Power dynamics are why public silence trumped private outrage despite years of whispers that Filner was harassing women.
“Make no mistake about it, Bob Filner — notwithstanding his current situation — has a lot of power in this community,” attorney Bob Ottilie said. “He has the ability to impact a whole lot of people’s interests.”
Many now say Filner abused that power with the help of key players. Union and Democratic Party leaders ignored the alleged harassment for years because they liked Filner’s progressive agenda, so did others who stood to gain.
“Anybody that’s going to be on a trade mission with the mayor presumably perceives themselves as on the inside,” Ottilie said. “They don’t want to do anything at all to harm that position. So you see something wrong and you look the other way because it’s Bob. It’s the mayor. That’s the way people operate that are close to the center of political power. It’s not necessarily a pretty thing to see in politics.”
The same may apply to Filner’s staffers. Former congressional aide Laura Fink documented Filner’s alleged inappropriate touching in an 2005 email to the then congressman and his aide Tony Buckles. He was recently brought in to city hall as Filner’s chief of staff after the sexual harassment scandal broke but Buckles left the post soon after Fink shared her story publicly.
But San Diego Mesa College political science professor Carl Luna said because aides depend on Filner for their own power, morality can take a back seat to self-interest, loyalty and fear.
“If your boss goes down, you go down, so it’s not unsurprising when staff cover up or at least turn a very blind eye to malfeasance by their bosses,” Luna said.
At a staff meeting in June, Filner reportedly asked former communications director Irene McCormack Jackson to offer up an example of his mistreatment of city employees. She reminded him in the presence of other city employees that he had told her she would work better without her underwear. The exchange took place at a staff meeting. McCormack Jackson has since sued the city and Filner alleging sexual harassment.
And McCormack Jackson’s attorney Gloria Allred said there’s reason to believe that Filner lorded his power over others.
“In one occasion, she told him to leave her office immediately, he responded with he was the mayor and he could be whereever he wanted,” Allred said.
Luna said the sexual harassment scandal also reveals that society may not have advanced very far from the Mad Men-era of the 1960s.
“Men today still seem to be in a frat boy culture that says, 'Hey, we can get away with this.’ They have to start changing because women are becoming more powerful, more open to the public and men are going to be held accountable increasingly. Bob Filner’s the poster child for ‘don’t do this anymore, men of America,” Luna said.

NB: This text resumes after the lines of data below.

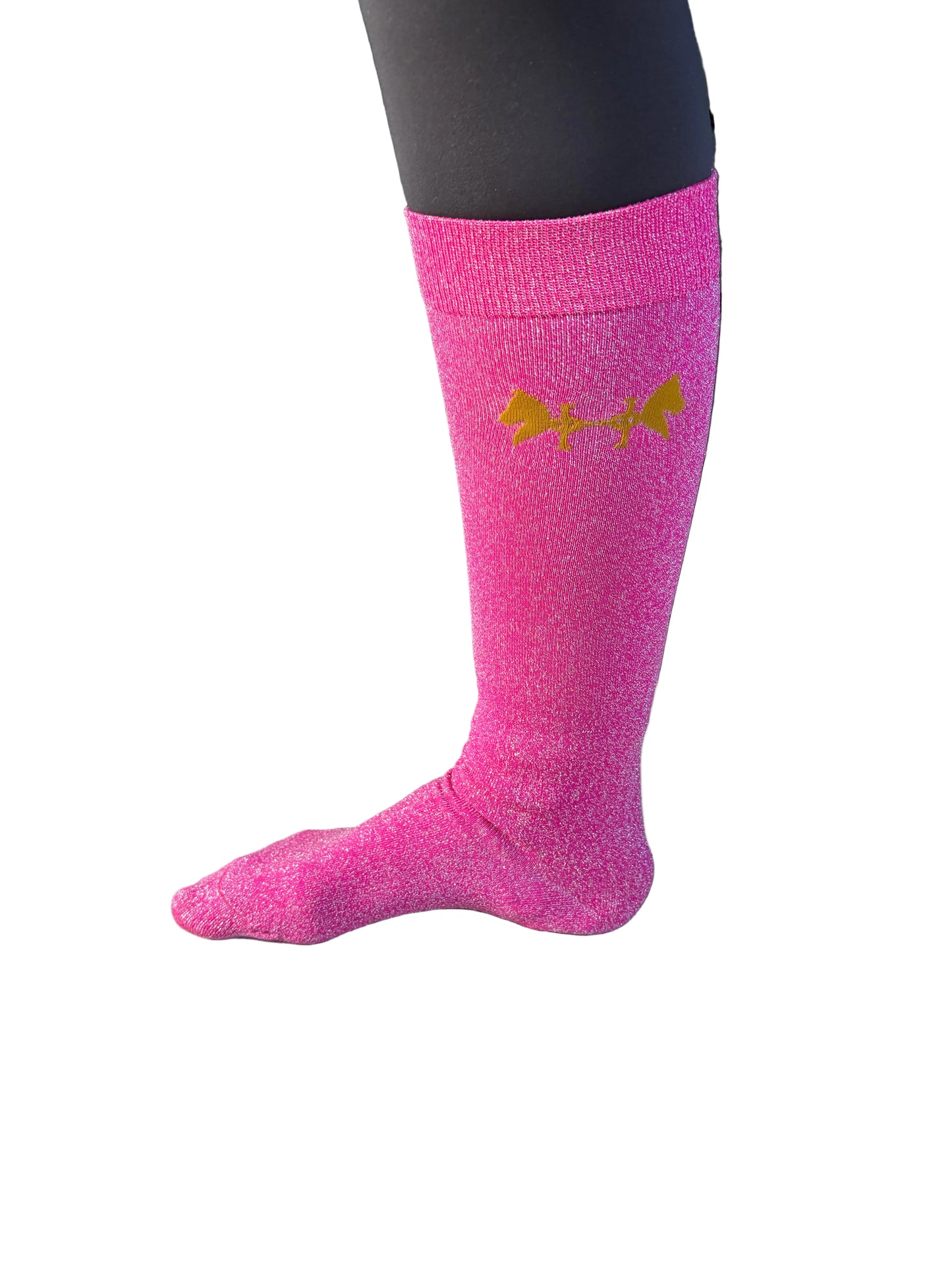 Haus of Horsewear Glitter Competition Socks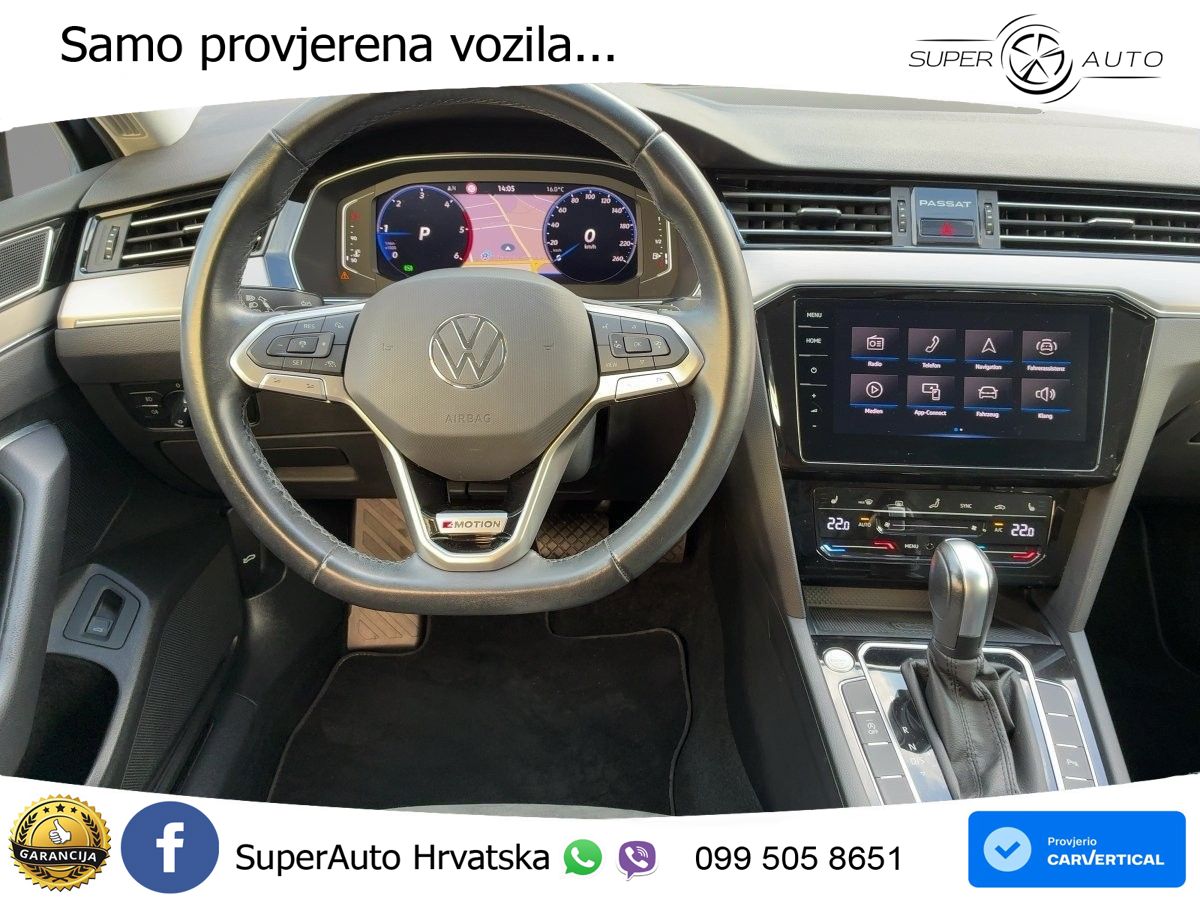 Volkswagen Passat Variant 2.0 TDI (200 KS) 4MOTION DSG Elegance LED+GR SJED+ACC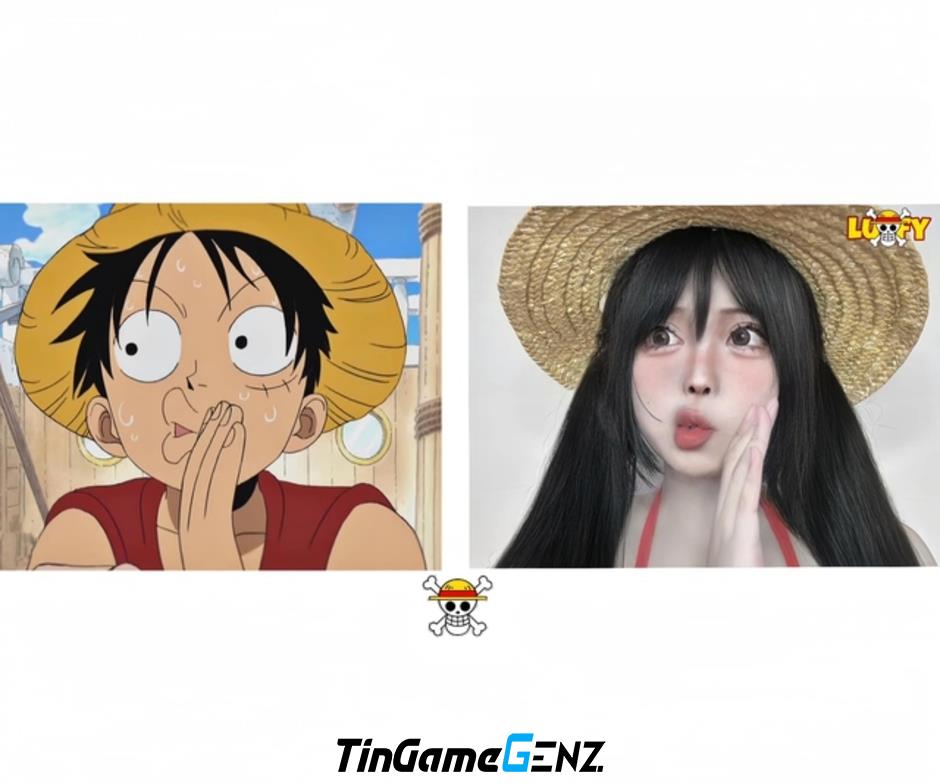 Game thủ nữ cosplay Luffy khoe khung cơ thể ấn tượng và tâm hồn hùng hậu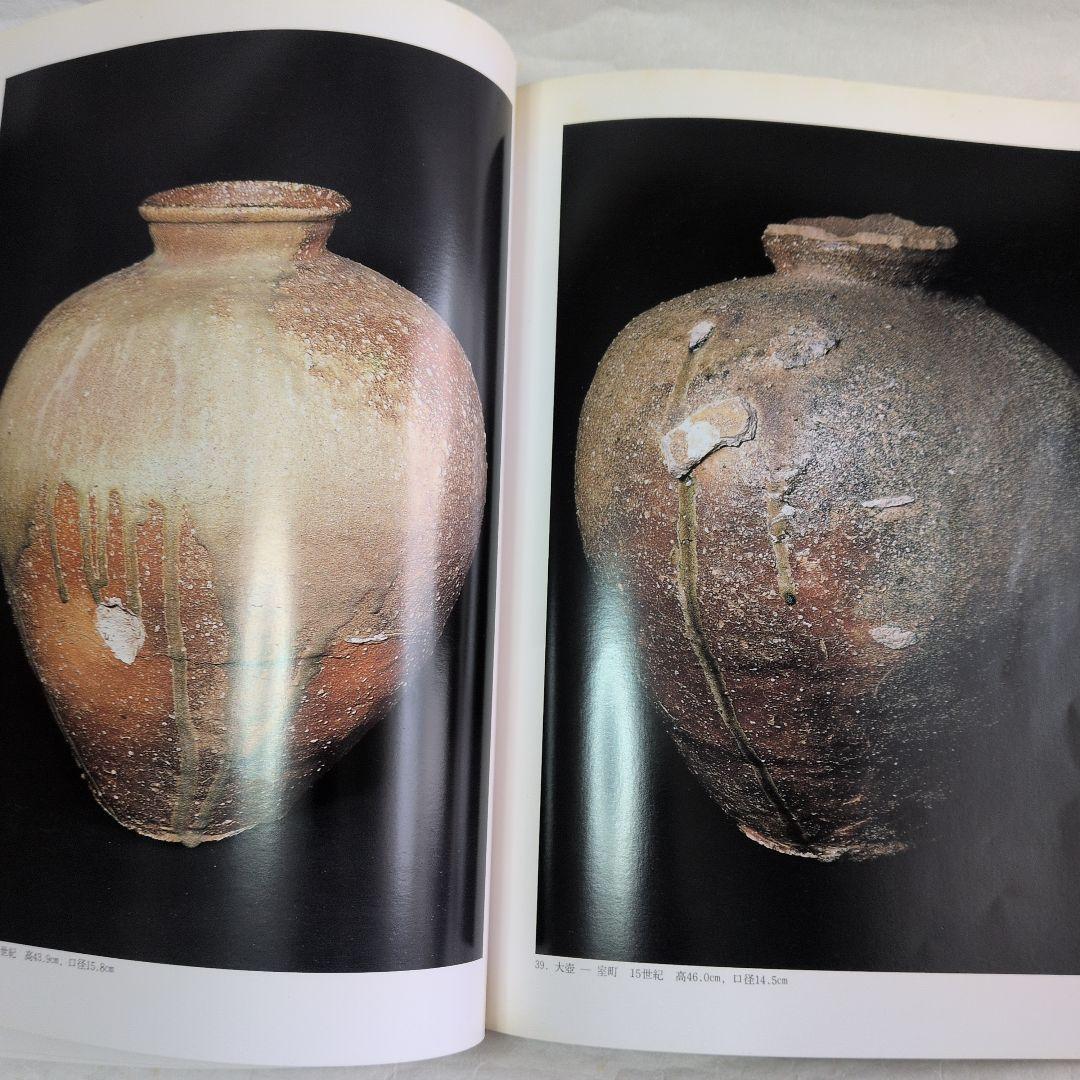 【信楽　窯変壺】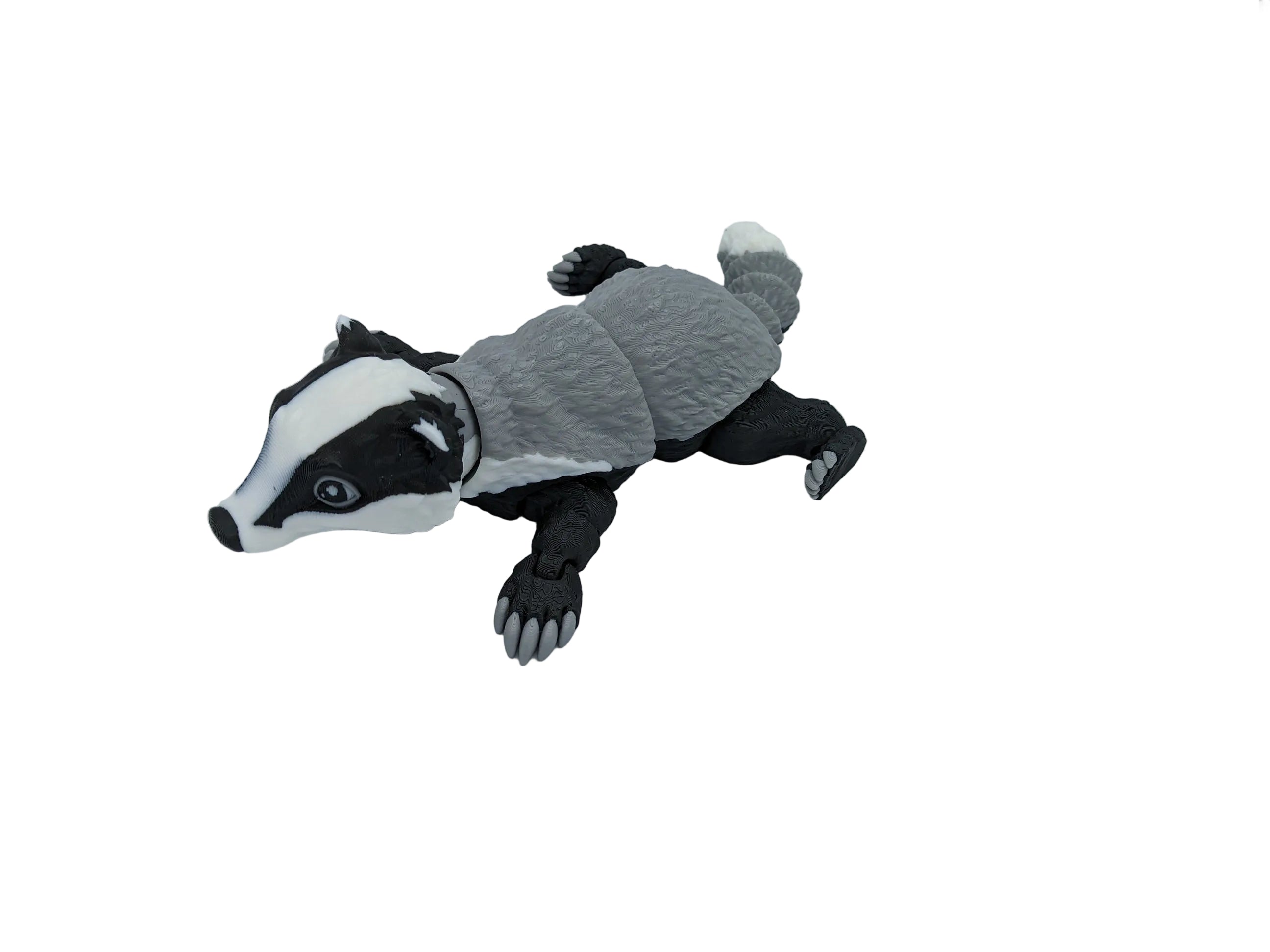 Articulated Badger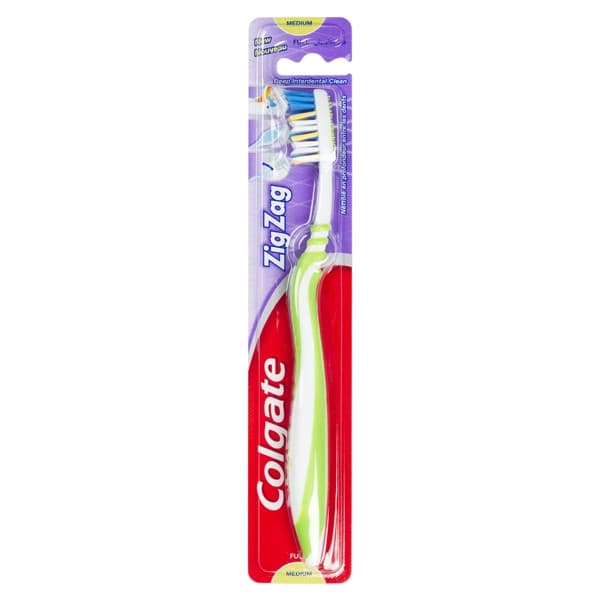 Colgate Tandenborstel Zig Zag Medium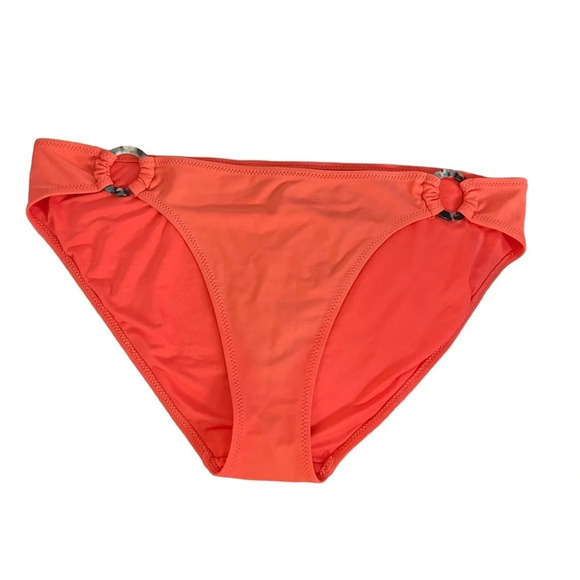 AERIE Orange Ring Bikini Bottoms Size Large - Picture 1 of 5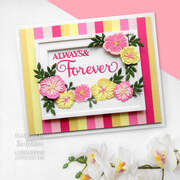 Layered Flowers Collection Posy - Craft Die
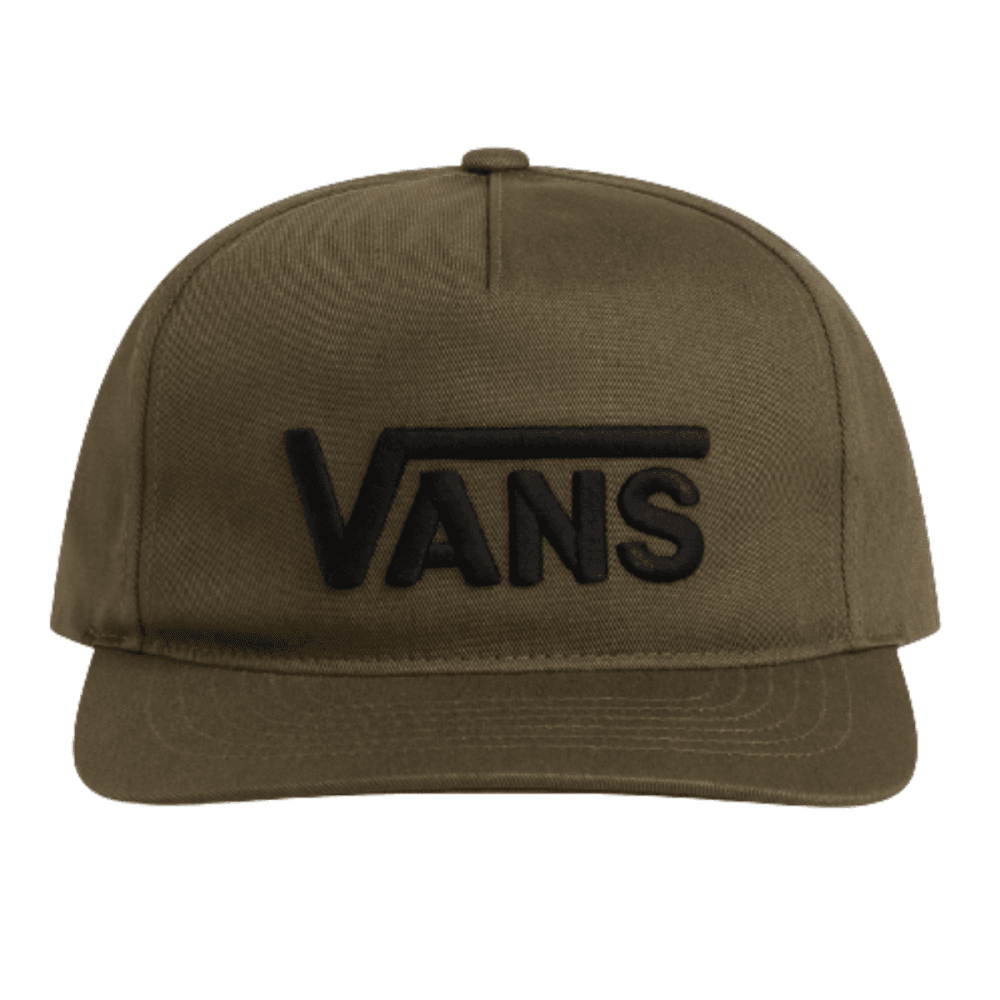 Vans Drop V Logo Snapback Cap
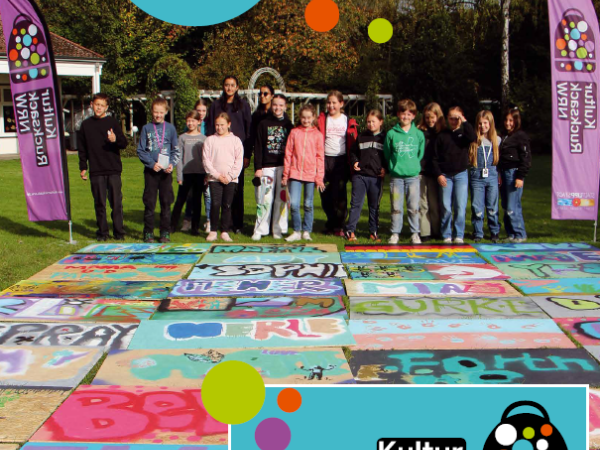 Plakat Kulturrucksack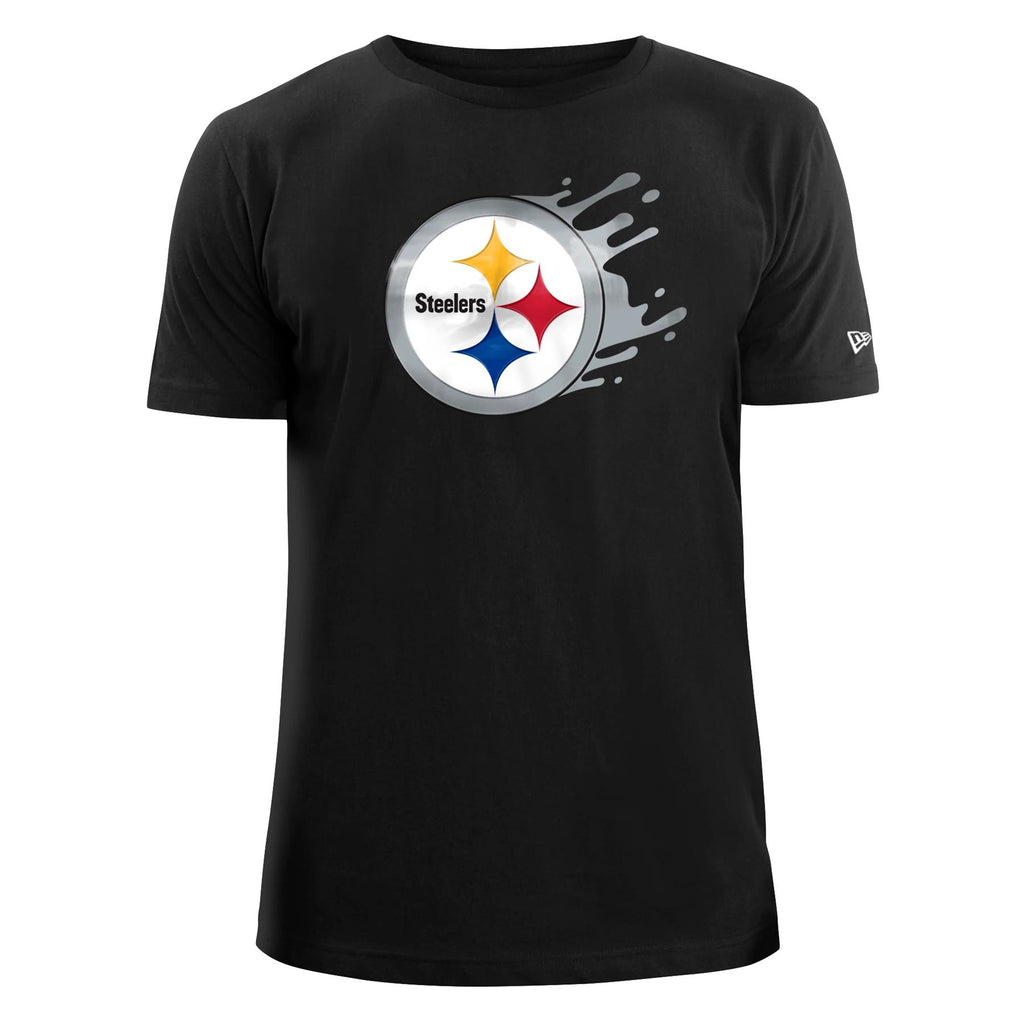New Era Men's NFL Pittsburgh Steelers Team Logo T-Shirt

Some aides have left Filner. Vince Hall quit as chief of staff after the harassment allegations against the mayor became public. He’s described himself as a lifelong activist for women’s rights and equality.
College administrator Lisa Curtin, another of the nine women who’ve publicly accuse Finer of unwanted advances, said she wishes she hadn’t waited two years before telling her story.
But she believes those who kept silent about Filner’s alleged misconduct enabled him and failed women.
“They’ve seen it. They thought it was funny and they supported keeping it secret. I think it says there’s a lot of work that has to be done,“ she said.
Filner’s spokeswoman Lena Lewis did not respond to a request for comment.